A hand reached to pull the curtain out of the way. Althea leaned in on the sill.
‘Oh, thank Sa you’re safe!’
Ronica rolled hastily from her bed, but as she stood up, Althea retreated from the window. ‘If you call Kyle, I’ll never come back again,’ she warned her mother in a low, rough voice.
Ronica came to the window. ‘I wasn’t even thinking of calling Kyle,’ she said softly. ‘Come back. We have to talk. Everything’s gone wrong. Nothing’s turned out the way it was supposed to.’

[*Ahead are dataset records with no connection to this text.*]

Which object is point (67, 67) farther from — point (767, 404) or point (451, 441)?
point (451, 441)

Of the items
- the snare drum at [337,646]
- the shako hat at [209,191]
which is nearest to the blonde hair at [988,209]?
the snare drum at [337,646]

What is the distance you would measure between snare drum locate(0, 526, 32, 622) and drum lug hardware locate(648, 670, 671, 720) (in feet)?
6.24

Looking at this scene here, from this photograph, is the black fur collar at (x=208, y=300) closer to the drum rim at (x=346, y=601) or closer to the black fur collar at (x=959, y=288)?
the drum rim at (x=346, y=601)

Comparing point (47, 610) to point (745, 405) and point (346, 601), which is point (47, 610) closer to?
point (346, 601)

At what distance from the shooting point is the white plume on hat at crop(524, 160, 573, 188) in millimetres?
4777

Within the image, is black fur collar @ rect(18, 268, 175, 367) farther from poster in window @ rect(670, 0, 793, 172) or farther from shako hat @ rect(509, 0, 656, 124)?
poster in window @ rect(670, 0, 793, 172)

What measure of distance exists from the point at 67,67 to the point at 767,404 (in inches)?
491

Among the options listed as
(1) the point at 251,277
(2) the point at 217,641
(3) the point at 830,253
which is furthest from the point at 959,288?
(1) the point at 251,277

‘That’s hardly news,’ Althea muttered darkly. She ventured closer to the window. Ronica met her gaze, and for an instant she looked down into naked hurt. Then Althea looked away from her. ‘Mother… maybe I’m a fool to ask this. But I have to, I have to know before I begin. Do you recall what Kyle said, when… the last time we were all together?’ Her daughter’s voice was strangely urgent.
Ronica sighed heavily. ‘Kyle said a great many things. Most of which I wish I could forget, but they seem graven in my memory. Which one are you talking about?’
‘He swore by Sa that if even one reputable captain would vouch for my competency, he’d give my ship back to me. Do you remember that he said that?’